ZMQ socket gracefully termination in Python - python

I have the following ZMQ script
#!/usr/bin/env python2.6
import signal
import sys
import zmq
context = zmq.Context()
socket = context.socket(zmq.SUB)
def signal_term_handler(signal, fname):
socket.close()
sys.exit(0)
def main():
signal.signal(signal.SIGTERM, signal_term_handler)
socket.connect('tcp://16.160.163.27:8888')
socket.setsockopt(zmq.SUBSCRIBE, '')
print 'Waiting for a message'
while True:
(event, params) = socket.recv().split()
# ... doing something with that data ...
if __name__ == '__main__':
main()
When I Ctrl-C, I get the following errors:
Traceback (most recent call last):
File "./nag.py", line 28, in <module>
main()
File "./nag.py", line 24, in main
(event, params) = socket.recv().split()
File "socket.pyx", line 628, in zmq.backend.cython.socket.Socket.recv (zmq/backend/cython/socket.c:5616)
File "socket.pyx", line 662, in zmq.backend.cython.socket.Socket.recv (zmq/backend/cython/socket.c:5436)
File "socket.pyx", line 139, in zmq.backend.cython.socket._recv_copy (zmq/backend/cython/socket.c:1771)
File "checkrc.pxd", line 11, in zmq.backend.cython.checkrc._check_rc (zmq/backend/cython/socket.c:5863)
KeyboardInterrupt
Now, I thought I handled the closing of the socket, when receiving a termination signal from the user, pretty well, then why do I get this ugly messages. What am I missing.

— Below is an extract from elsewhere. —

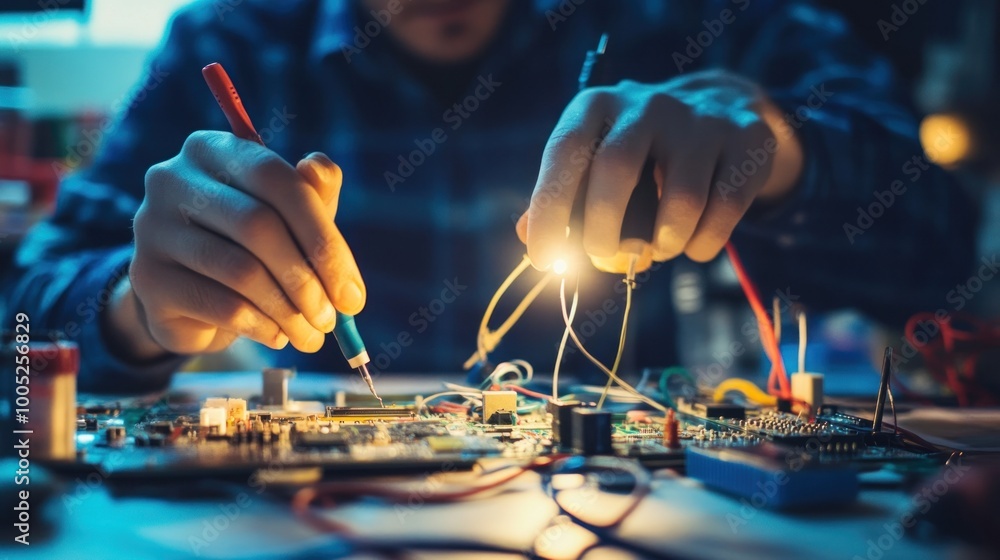 Fototapeta premium Closeup of an Electrician Working on a Circuit Board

Note I have done some search on Google and StackOverflow but haven't found anything that fixes this problem.
Thanks.
EDIT To anyone that has gotten this far -- user3666197 has suggested a very-good-and-robust way to handle termination or any exception during the execution.

Event handling approach
While the demo-code is small, the real-world systems, the more the multi-host / multi-process communicating systems, shall typically handle all adversely impacting events in their main control-loop.
try:
context = zmq.Context() # setup central Context instance
socket = ... # instantiate/configure all messaging archetypes
# main control-loop ----------- # ----------------------------------------
#
# your app goes here, incl. all nested event-handling & failure-resilience
# ----------------------------- # ----------------------------------------
except ...:
# # handle IOErrors, context-raised exceptions
except Keyboard Interrupt:
# # handle UI-SIG
except:
# # handle other, exceptions "un-handled" above
finally:
# # GRACEFULL TERMINATION
# .setsockopt( zmq.LINGER, 0 ) # to avoid hanging infinitely
# .close() # .close() for all sockets & devices
#
context.term() # Terminate Context before exit

Cleaning at exist
One may think of the code bellow! But it's not needed! For the socket closing!

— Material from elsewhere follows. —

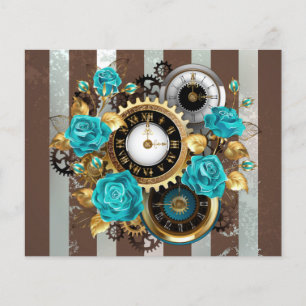 Prospectus 11,4 Cm X 14,2 Cm Horloge Steampunk et roses turquoise sur fond rayé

The sockets get closed automatically!
However that's the way to do it manually!
Also i'm listing all the different useful information to understand the implication around the subject of destroying and closing or cleaning!
try:
context = zmq.Context()
socket = context.socket(zmq.ROUTER)
socket.bind(SOCKET_PATH)
# ....
finally :
context.destroy() # Or term() for graceful destroy
Error at KeyboardInterupt and fix
Before going further! Why the error:
Traceback (most recent call last):
File "/usr/lib/python3.9/runpy.py", line 197, in _run_module_as_main
return _run_code(code, main_globals, None,
File "/usr/lib/python3.9/runpy.py", line 87, in _run_code
exec(code, run_globals)
...
msg = self.recv(flags)
File "zmq/backend/cython/socket.pyx", line 781, in zmq.backend.cython.socket.Socket.recv
File "zmq/backend/cython/socket.pyx", line 817, in zmq.backend.cython.socket.Socket.recv
File "zmq/backend/cython/socket.pyx", line 186, in zmq.backend.cython.socket._recv_copy
File "zmq/backend/cython/checkrc.pxd", line 13, in zmq.backend.cython.checkrc._check_rc
KeyboardInterrupt
It's simply the KeyboardInterrupt error!
Just catching it! Will solve the problem!
For example:
try:
context = zmq.Context()
socket = context.socket(zmq.ROUTER)
socket.bind(SOCKET_PATH)
# ...
except KeyboardInterrupt:
print('> User forced exit!')
Bingo the error no more show!
Now no need to terminate the context! It will be done automatically!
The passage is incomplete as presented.